If you’ve played these sorts of games before, then there’s nothing taxing here. I’ve just completed Thimbleweed Park, remember, so this was like easy mode compared to that. It looks and plays beautifully though, so it’s well worth a play. And it’s free! You can get a copy from the author’s itch.io page.
Ah, the life of a French artist, living off his art, being French. Literally being some sort of frog like a racist stereotype. In Passpartout, you are this frog painter, and it’s your actual art that you sell.
Well, I say art. With tools even Microsoft Paint would sneer at, it’s not easy creating a masterpiece. Thankfully, as it turns out, whatever algorithm the game employs to determine the value and demand for your painting seems unconcerned with skill and it’s more about colour and complexity, depending on your customers.
Take George, for example. He’s easily pleased. My simplistic pictures of legless caterpillars with giant eyes always sold to him. Mary, however, would sarcastically comment on their lack of complexity and Don simply couldn’t abide the colours I used.

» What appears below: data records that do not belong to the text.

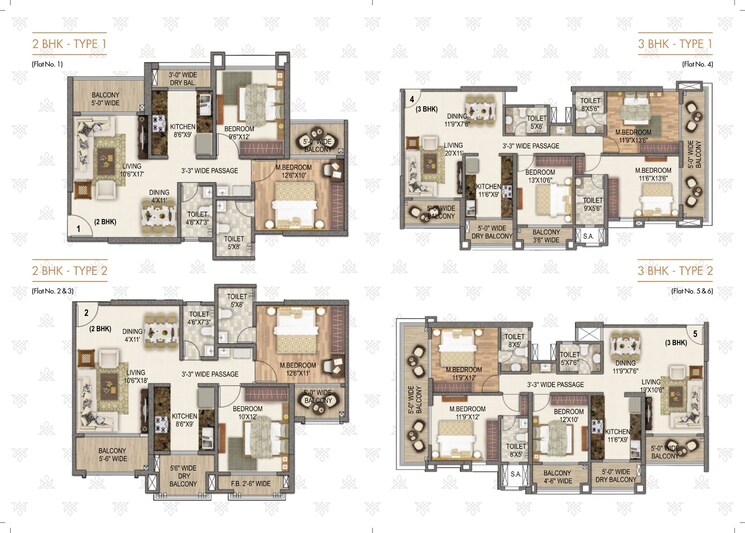 Floor Plan, murbad road 2 Bedroom 835 Sq.Ft. Apartment In Murbad Road Thane 8300220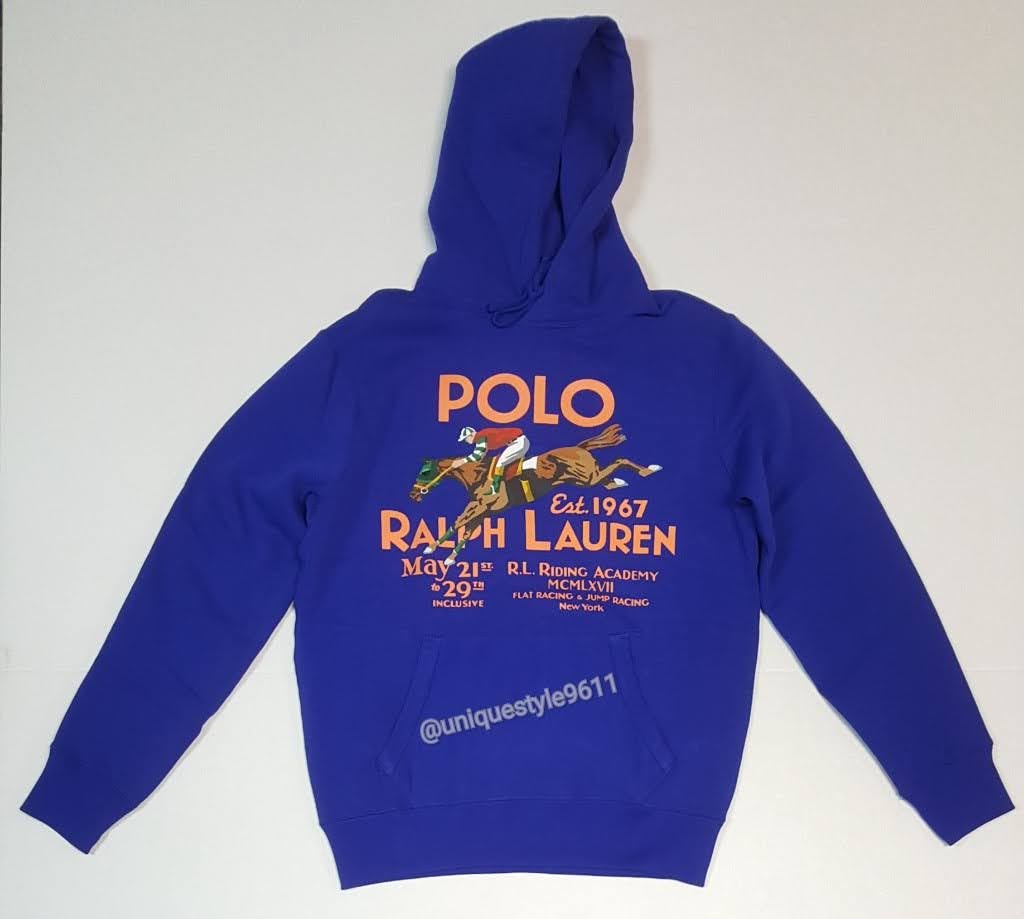Nwt Polo Ralph Lauren Royal Blue Equestrian Hoodie | Unique Style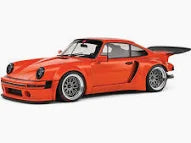 2022 Porsche KS-R Orange 1/18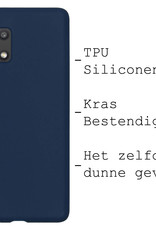 BASEY. Hoes Geschikt voor Samsung A13 4G Hoesje Siliconen Back Cover Case Met 2x Screenprotector - Hoesje Geschikt voor Samsung Galaxy A13 4G Hoes Cover Hoesje - Donkerblauw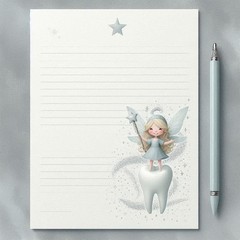 Set Of 13 Fairy Paper For Junk Journal Scrapbook Kit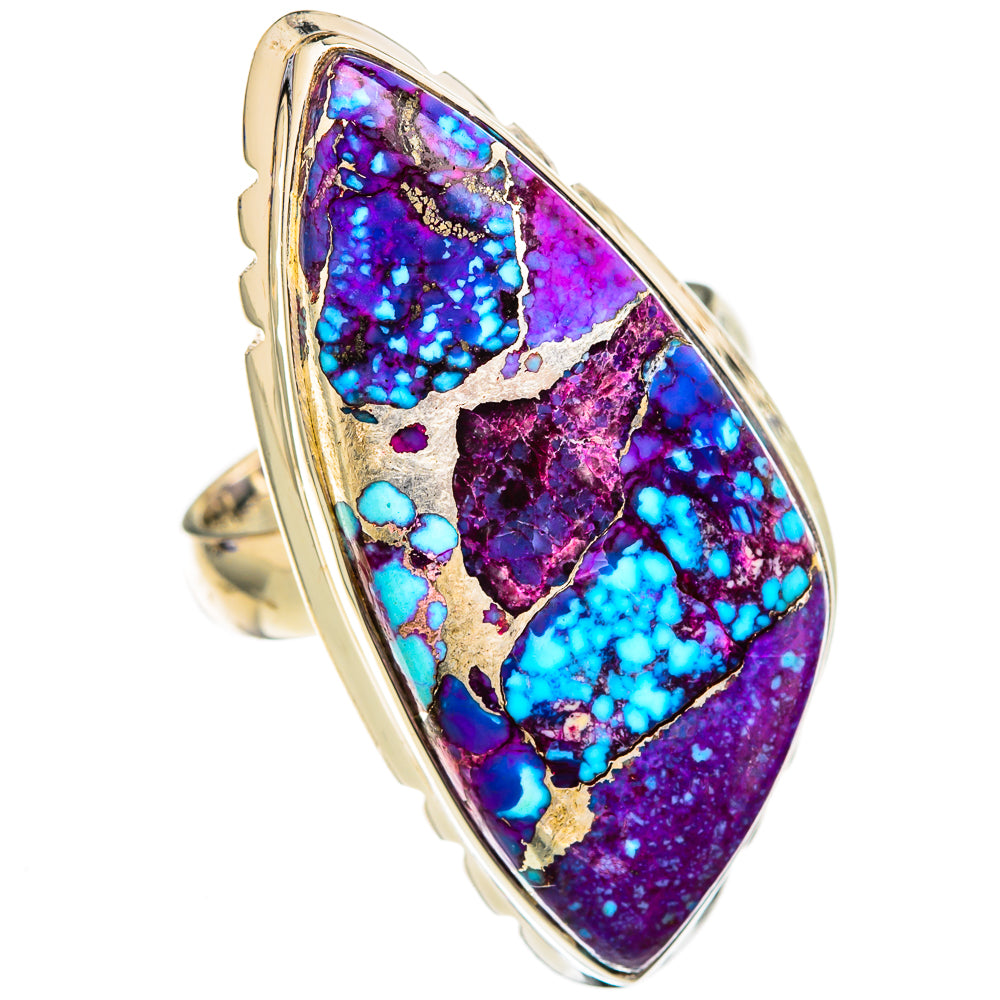 Spiny Oyster Turquoise Rings handcrafted by Anasilvercos - RING102830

After experimenting with colour schemes and shapes, it seems the more realistic the picture the less chance I’d had of selling it. Generally more abstract shapes (big blocks of cheese went down well for a while), cartoony characters (a number of pictures staring a muscular crab sold for a high price) and those ever loved caterpillars allowed me to progress.
By the third act, it was clear that my clients just wanted grey pillys with big eyes, so I plied them with many variations on the same theme. Eventually I created one that was grey and red, and the massive bid I received for it basically completed the game for me. Which is just as well, as after five hours of creating things that either didn’t sell or were virtually the same as previous paintings, I’d started to flag. There’s probably a message in the end sequence where Passpartout is said to have become very rich, but I suspect he was just a caterpillar sellout and drank himself into oblivion to save the agony of 50 years of repeating himself.
This was a continuation of a playthrough, my first playthrough in fact, from several months ago that I forgot to continue. Previously on 80 Days, I’d managed to get a train into a dead end somewhere in the American east, and had to head north-west into Canada to find another route.
With some bad luck, I boarded an airship from New York that was heading for Reykjavik since the route to London direct was far too expensive and there wasn’t enough time to obtain the necessary funds. This airship was slow, however, and I had to ditch all our luggage to board – I was hoping this wasn’t an issue as we were nearly home!
Once in Reykjavik, there was another airship heading to London which I mistimed while unnecessarily (as it turned out) obtaining money from the bank, and so a later trip was taken. A three day journey on day 77 – would I make it?
Of course I would. Just!
(Oh, and you can view my journey on the inkle website, here)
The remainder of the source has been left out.